People whale watching, for example, are spending over $1 billion a year on the activity, benefiting close to 500 communities globally, according to the report Wildlife Watching and Tourism.

“Indeed, the report goes further, showing that a far wider range of species are attracting tourists and sight seers: from bats and butterflies in the United States up to sting rays in the Cayman Islands,” Mr. Hepworth added.

But, the report notes, visitors can cause changes in animal behaviour and physiology, including increased levels of stress hormones in the blood and reduced time spent feeding or resting, and excessive visitation can damage habitats such as coral reefs or turtle nesting sites.

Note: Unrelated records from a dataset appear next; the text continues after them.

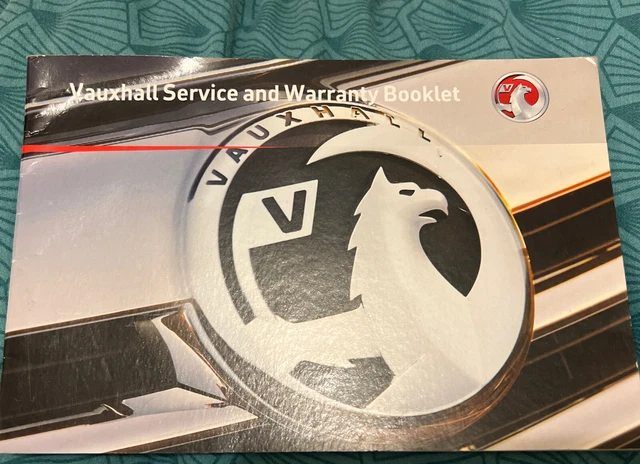 Vauxhall Zafira B Astra H Corsa libretto storia servizio libretto stampato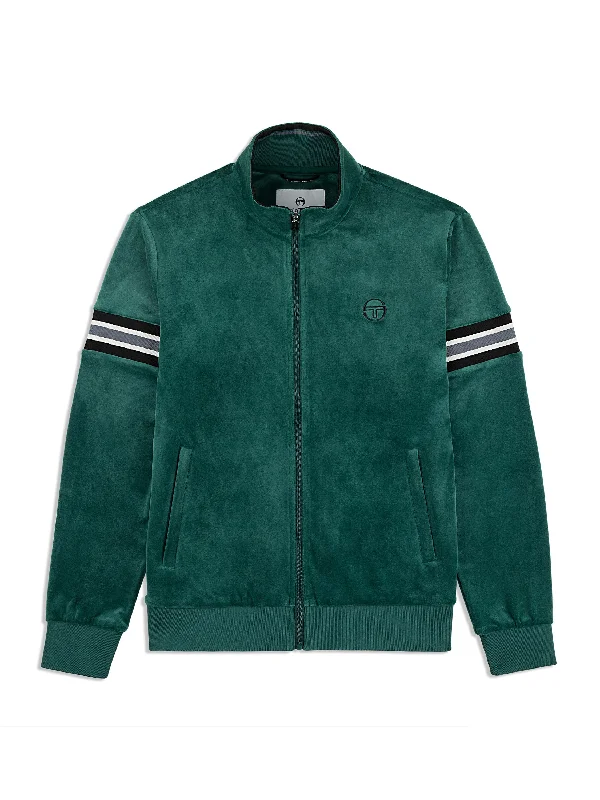 Ostuni Velour Track Jacket- Rainforest Vacation Vacation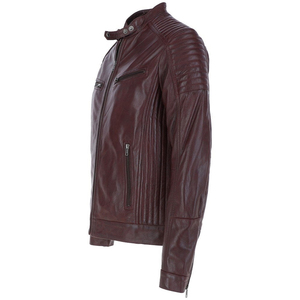 Men's <b>Top</b> Design Windproof <b>Leather</b> Jacket <b>High</b> Quality Durable Canvas Stand Stylish Warm Winter Clothing Hot jacket for men - Product Image 1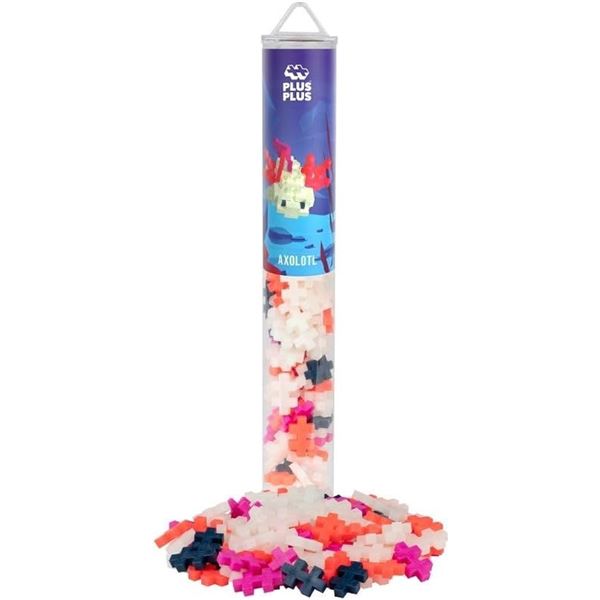 BRAND NEW PLUS PLUS AXOLOTL GLOW IN THE DARK SET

Some birds can be highly sensitive to noise, flash photography, and brightly coloured clothing. Glow worms reduce intensity of their glow – used to attract other insects – if caught in torchlight beams used to guide tourists on glow-worm watching tours.

Recommendations on how best to promote environmentally, economically and socially sound wildlife watching include zoning schemes, special management areas, fee programmes and visitors schemes meant to regulate the activity on a broader scale.

“The motto ‘Watch – Don’t Touch’ might sum up the advice emerging from this research,” the coordinator of CMS’s wildlife watching initiative, Paola Deda, said.

“Tourists need to also respect basic rules. These include: no physical contact with animals, safety distances and no visits if you are ill, up to the removal of litter and the sensible use of flash photography. This should be accompanied by careful planning on the part of the responsible local or national authorities,” she added.